READING Prose FICTION (Novel Histories: Genre and Genealogy) | Lee | M-Th 10:30-11:20 | 13138 |
The novel is a literary form that assumes a comfortable place in the history of writing; the vast domain of fiction itself is often equated with novel genres: romance novels, mystery novels, bestselling novels, classic novels. This course will begin with a set of questions that seeks to explore and complicate our understanding of the novel as the natural form of fiction. The purpose of this inquiry is not to arrive at a definition of the novel, but on the contrary, to demonstrate that it is a form that resists definition at all, even as "fictional;" its themes, politics, techniques, and concerns are always appropriating and being appropriated by historical and cultural pressures.

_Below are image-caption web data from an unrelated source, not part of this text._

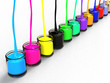 CMYK and more colors paint glass CMYK and more colors paint glass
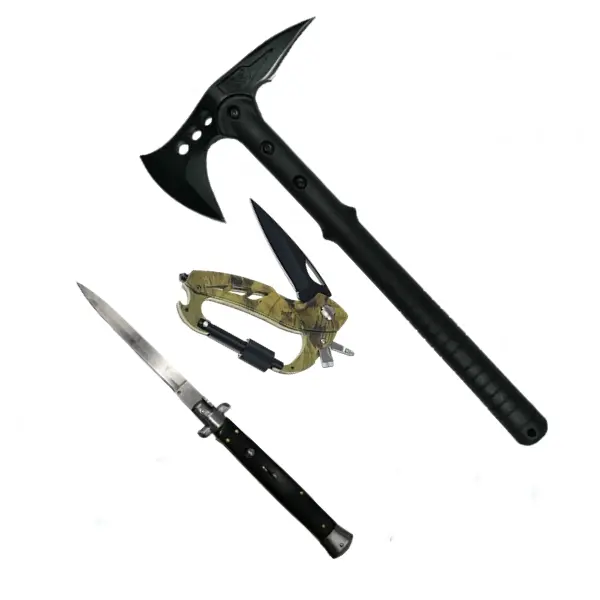 Set Topor Survivor, Carabina multifunctionala si Briceag Stiletto, DEPOX , otel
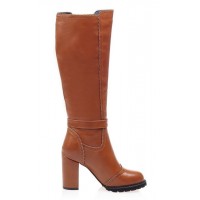 Bottes aspect cuir lisse, marrons, talon 8,5, femmes petites pointures, Michaella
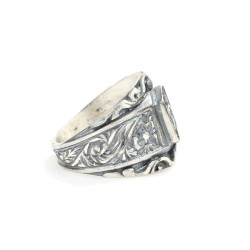 925s Silver Ottoman Tugra Signet Ring - 3
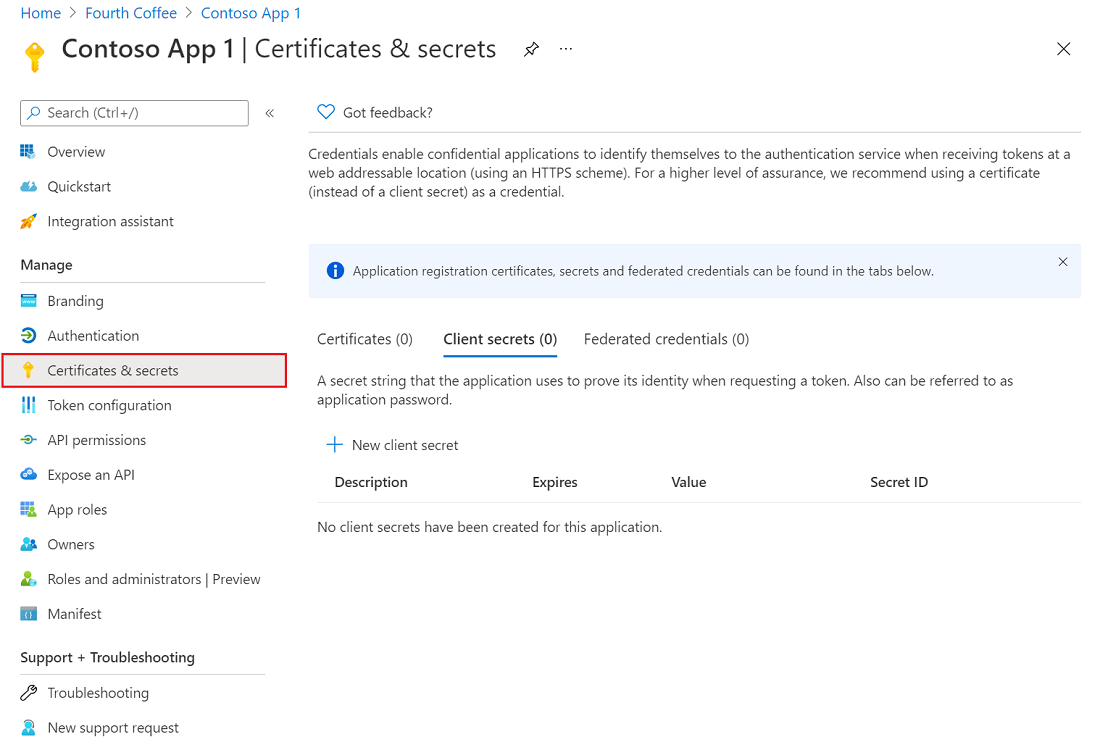 Снимок экрана: Центр администрирования Microsoft Entra с областью Сертификаты и секреты в регистрации приложения.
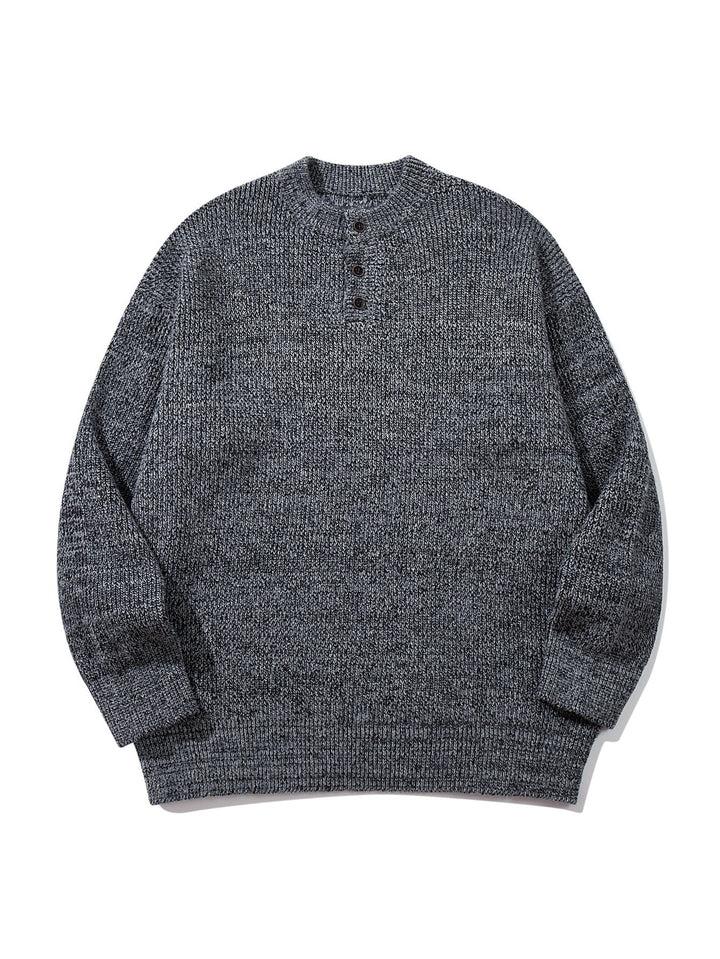 Men's chunky knit henley pullover with half button placket and ribbed cuffs Mune Fashion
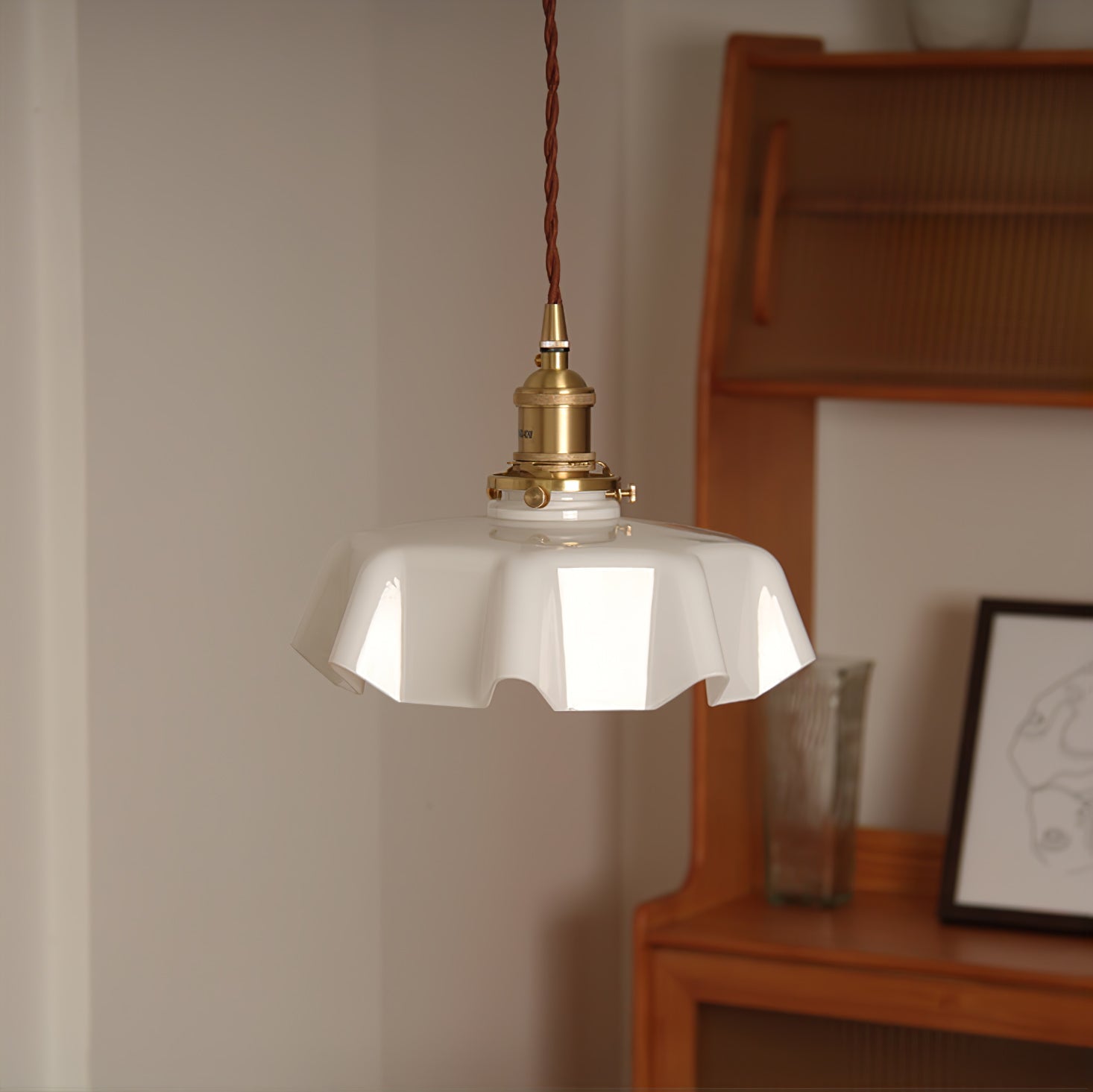 Vintage Ceramic Pleated Floral Pendant Light French Style Brass Hanging Ceiling Lamp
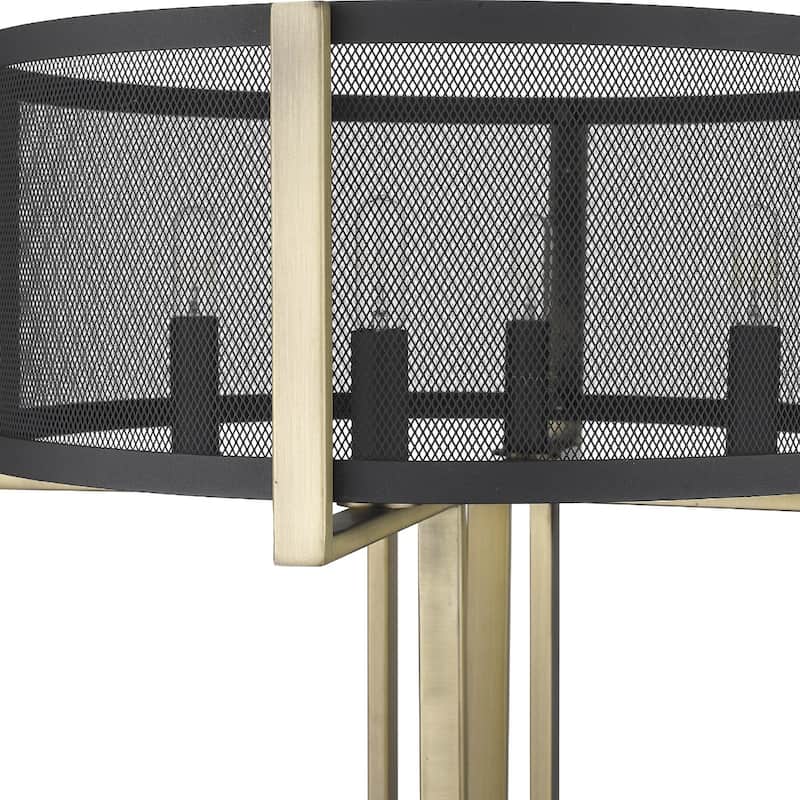 Brass Metal Geometric Table Lamp with Black Drum Shade and 4 Lights - 18” x 18” x 25”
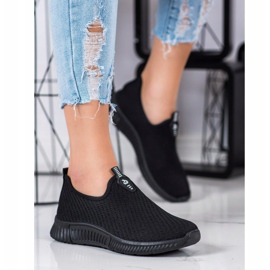 SHELOVET Comfortable Textile Sneakers black 1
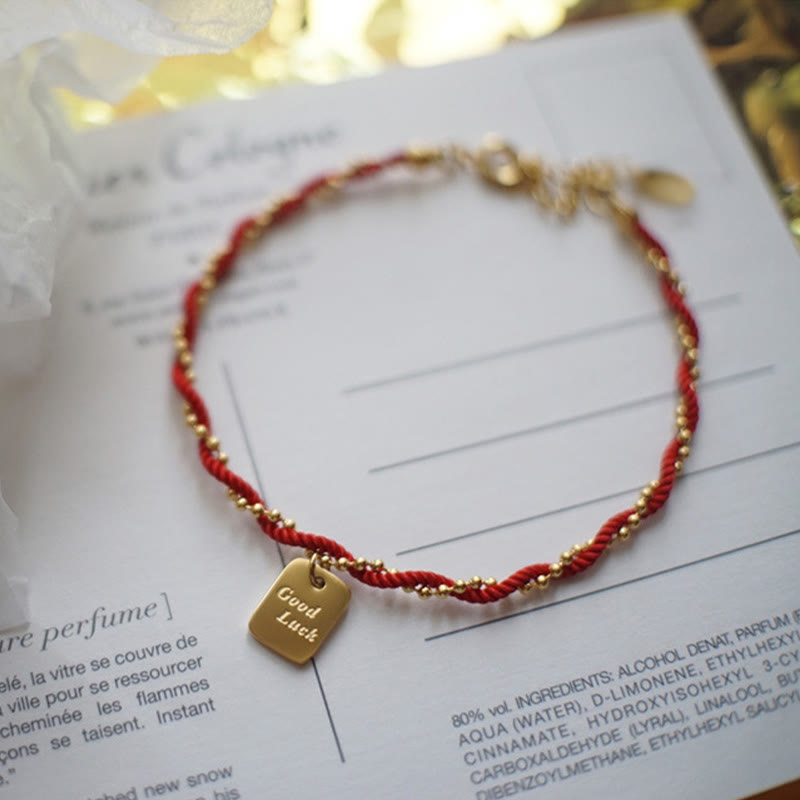 KarmaRipple's Red String Gold Plated Bronze Good Fortune Strength Bracelet p9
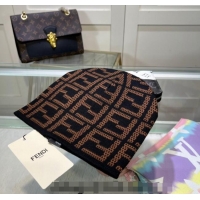 Luxury Discount Fendi Knit Hat FE082303 Brown 2024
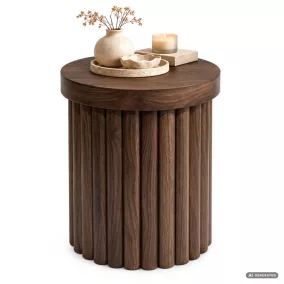   AKORD Furniture Factory TINO Kerek Dohányzóasztal MDF Dió Bordázott Alap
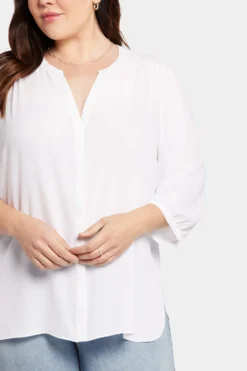 Pintuck Blouse In Plus Size - Optic White -Nydj Apparel Shop WS1F0537 157 6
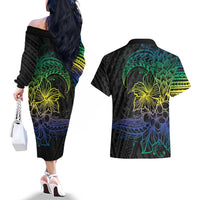 Floral Polynesian Hibiscus Tattoo Couples Matching Off The Shoulder Long Sleeve Dress and Hawaiian Shirt Green Gradient Style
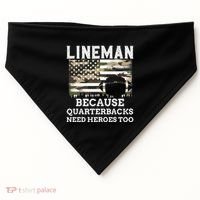 Lineman Football Gift Patriotic American Flag Camouflage USA-Made Doggie Bandana thumb 0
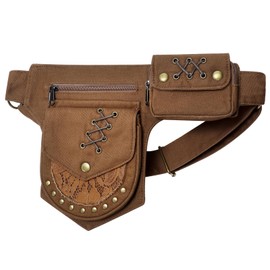 Women Waist Bag Pouch Vintage Waist pack Hip Bag Fanny Bag with Adjustable Belt Strap Renaissance Faire Festival Chest Pack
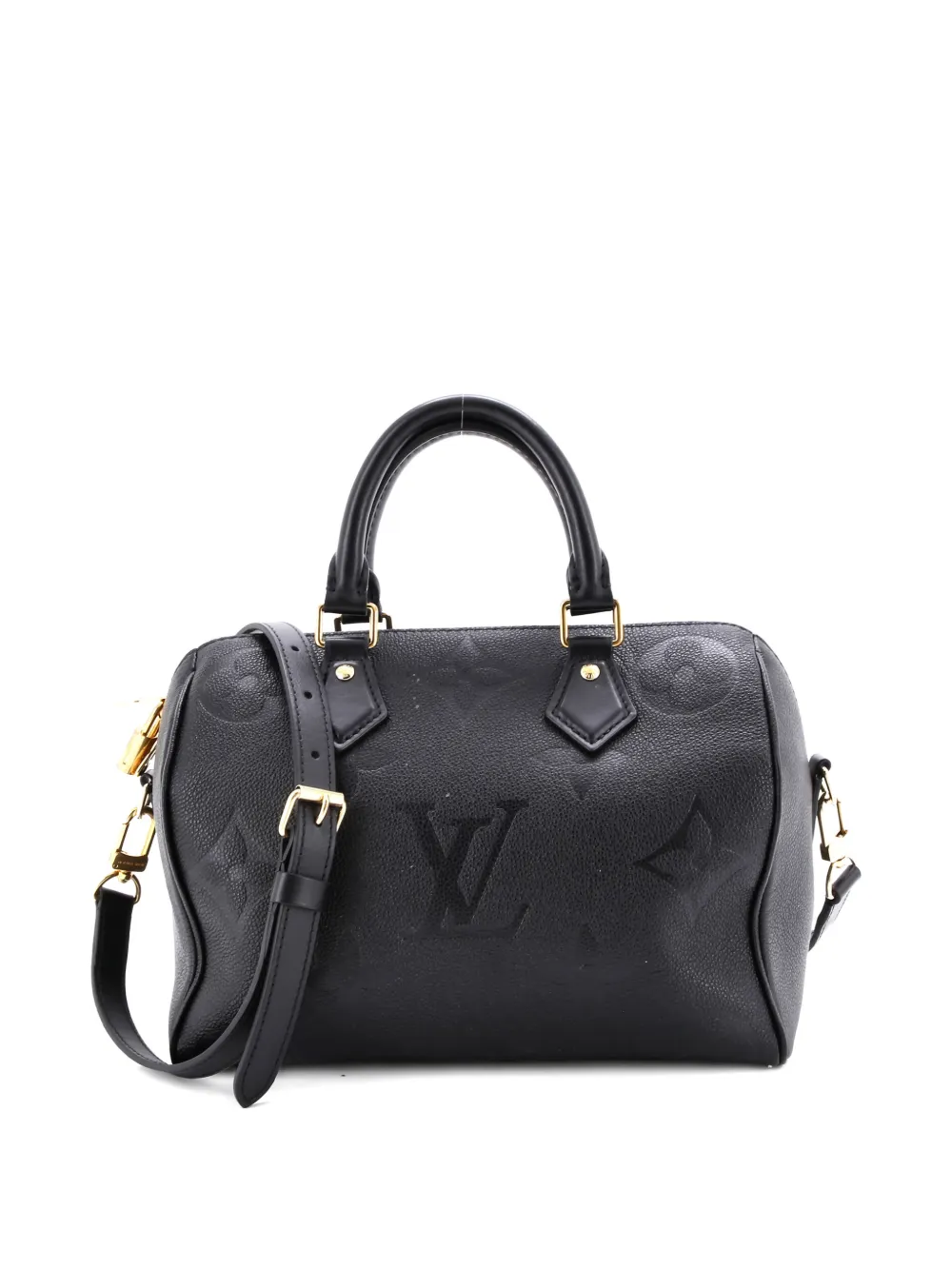 Pre-owned Louis Vuitton Speedy Bandouliere Bag Monogram Empreinte Giant 25 Satchel In Black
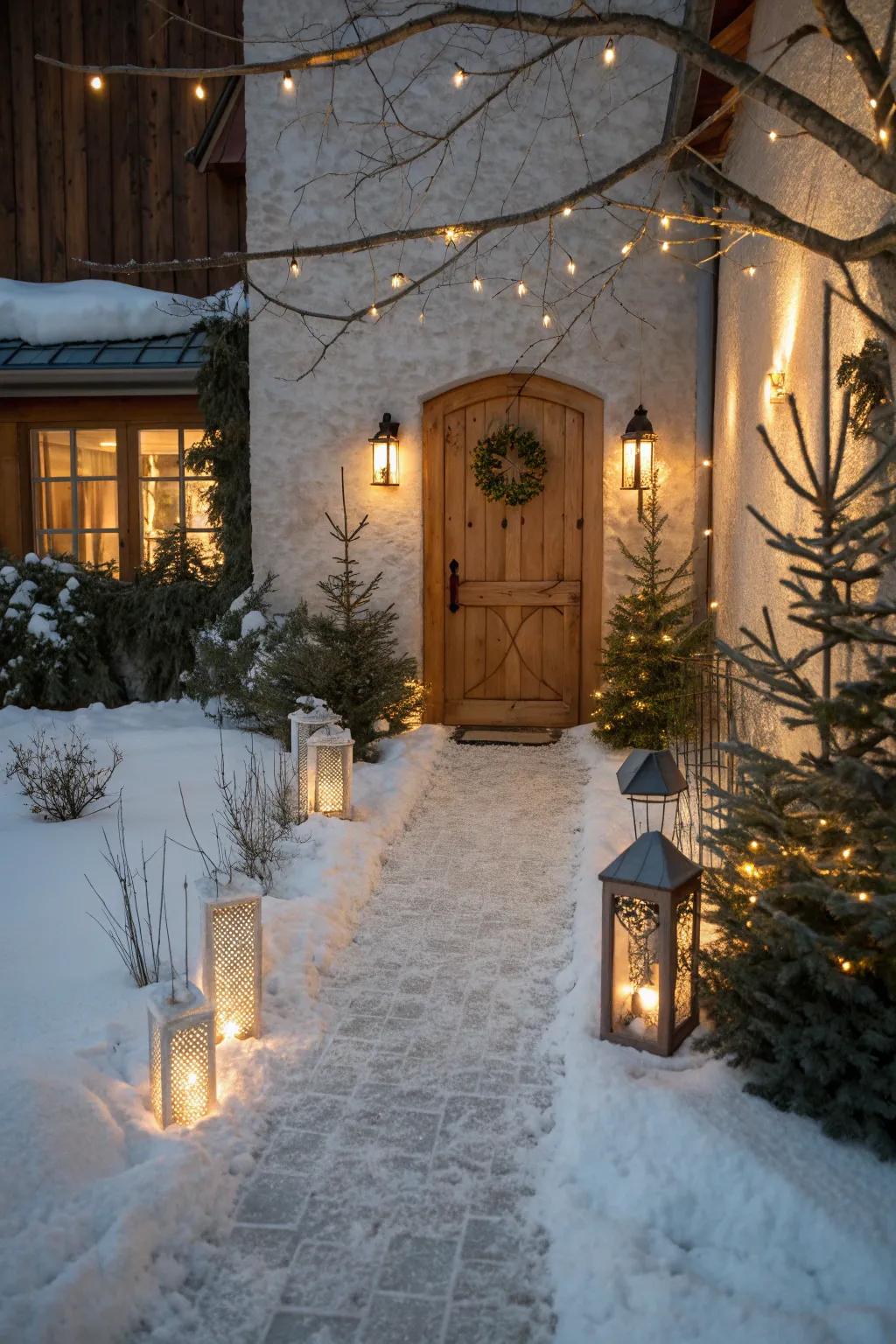 Guide guests into your winter wonderland with a charming snowy pathway. ❄️ #SnowyPathway #PartyEntrance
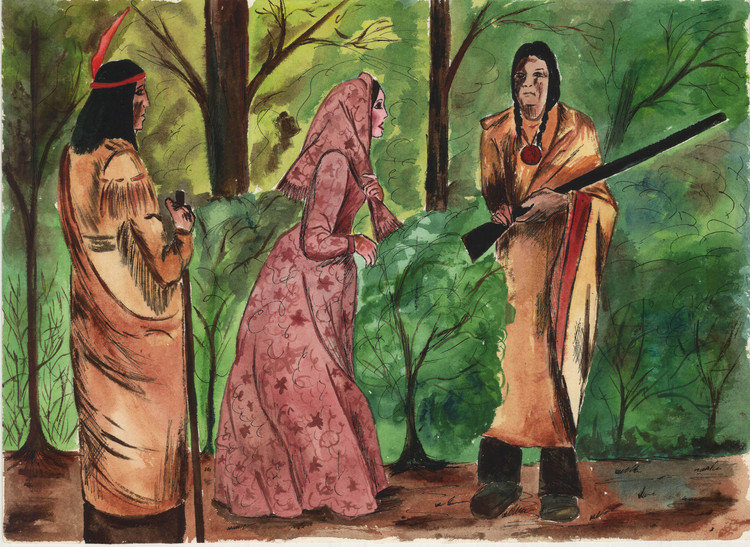 Watercolour painting by Rosemary Bowen of Laura Secord's walk through the woods, 1977. Courtesy the Six Nations Public Library.
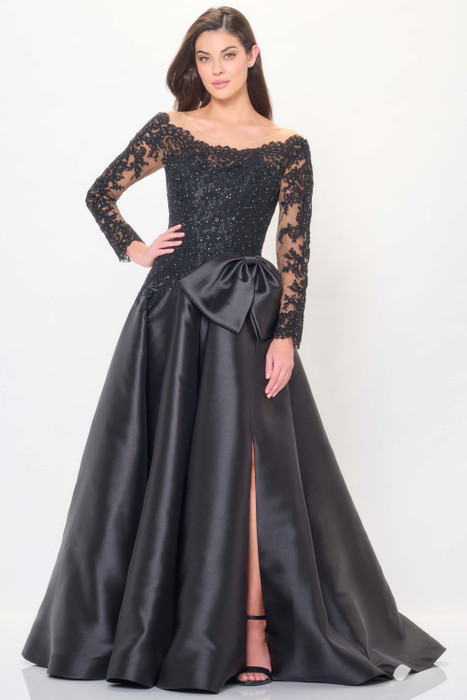 Sequin lace bodice and satin A-line skirt meet in this dramatic gown with bow detail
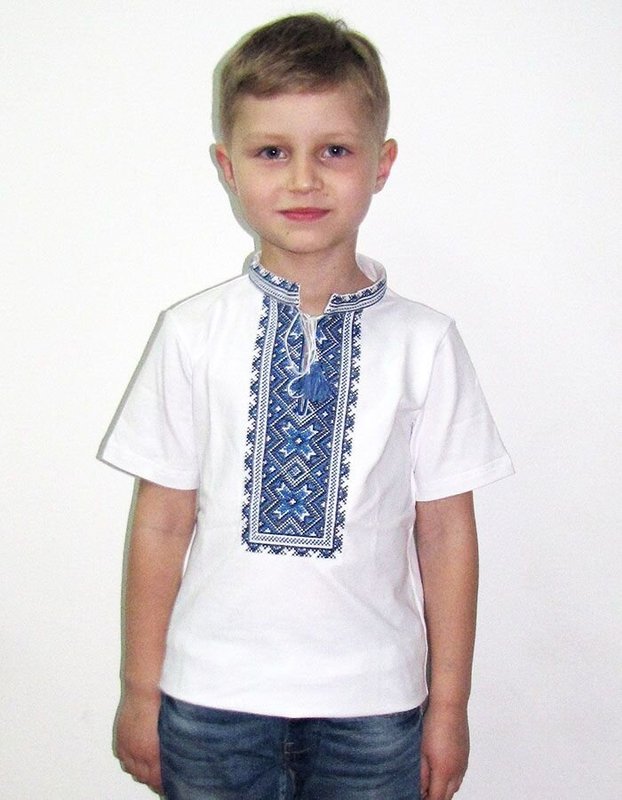 Вишита футболка для хлопчика: «АЛАТИРКО», синя вишивка, біла, 80/86  см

Fiction is a particularly vexed genre because historically, it was often defined in opposition to "fact" or "history," and many of the modern assumptions we hold about fiction today stem from these eighteenth- and nineteenth- century attitudes. But is fiction particularly opposed to fact or history? In the case of the novel, this popular form came to be explicitly equated with fiction, but we will see that its function was not so easily categorized. Was it aesthetic or didactic? Would it educate or make idle the character of its readers? Would it critique or affirm imperialist practices and domestic policies? Looking critically at the novel now, is it a vehicle of liberal thought or a form of discipline? Or does it undertake all these functions? And how do these issues get taken up in narratives themselves? We will sample several novels, chosen from different types of nineteenth-century fiction that will help us explore these questions: the domestic novel, the industrial novel, sensation novel, and the imperial romance. Examining these varying novelistic genres, we will pay attention to how they each take up and address issues of economy, industry, and labor, race and imperialism, gender and class, trying to track how each genre uses its narrative to fashion or marginalize representations of these prominent social and political concerns.
Because the course is primarily discussion-based, a significant portion of your grade is based on class participation. Students will also write two short response papers (3-4 pages each), and one longer essay (5-7 pages), with required revisions. The workload also includes a presentation, discussion-leading, a heavy reading schedule, and may include Go Post responsibilities, quizzes, or a midterm.